But mostly, kid-friendliness is something to which most of us have become accustomed — or perhaps simply resigned. When we have a party, there’s a good chance that one of our kid friendly friends will bring their kids, bidden or otherwise. There will always be that lady at work who will bring her pencil-chewing, paperweight throwing progeny into the office. And yes, even in a bar, we might have to watch our adult language ’cause there’re impressionable little ones around – we’ll just have to take those choice expletives outside with the smokers. There, at least – 15 feet from the entrance of the establishment, per that new grown up law — we can huddle against the elements and enjoy a semblance of mature company.
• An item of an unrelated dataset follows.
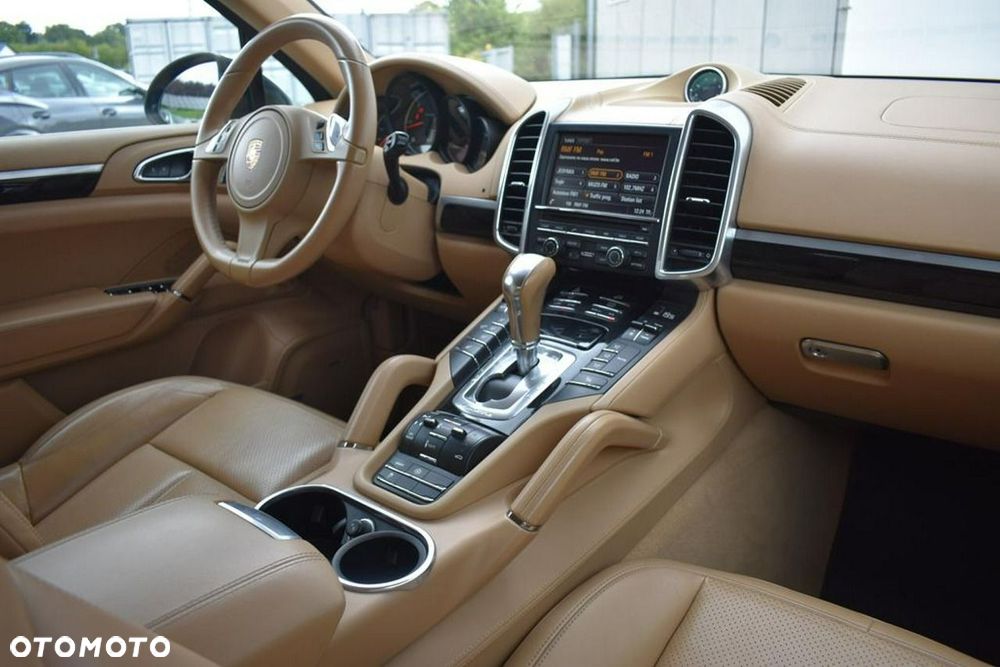 Porsche Cayenne Diesel Platinum Edition - 12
Being strangers, we may not speak a word to one another, but the kid-free camaraderie is undeniable.
Recently, though, kid friendliness seems to have made an unprecedented and somewhat alarming encroachment upon adult territory – and by that, I mean the euphemistic “adult” territory. A newly opened establishment in Park Slope, Brooklyn is now purporting to be a kid-friendly sex shop. The store, which operates under the coy and possibly creepy double entendre “Babeland”, in the interest of providing a women-friendly sex shop, apparently features diaper changing stations, a “Sexy Moms Series”, and stroller accessible aisles. The décor is brightly colored urban boutique, and the displays are more subtly presented than those of the average in-your-face triple-X establishment.
I can’t say I disagree with the spirit of the place. The owners of the store have taken up the noble cause of eradicating the dingy, embarrassing stereotypes surrounding the typical sex shop and its clientele. They’re updating the traditionally yucky images of trench coat clad fetish freaks practicing self-abuse in dark corners. I can understand that. But is kid-friendliness really a necessary part of a sex shop? Do even sex shops need to become as benign (and about as sexy) as Old Navy where the tot tags along while mom shops? I guess it’s nice that this store aspires to be kid-friendly, but it seems to me that it’s in grave danger of becoming not at all sex-friendly.
It is, of course, an incontrovertible fact that there’s a time-honored causal relationship between sex and babies: the sex you’ve had is not entirely unrelated to the diapers you might change in the Babeland store. But is this a connection that anybody really feels like making? And is it really anyone’s idea of a turn-on? Despite the fact that sex at its most fundamental description is intended to populate the world with rug-rats, we generally try to keep this cause-and-effect separate, at least during the time that we’re having the sex. In a sense, maybe this disconnect is anomalous; maybe it’s a flaw in our wiring.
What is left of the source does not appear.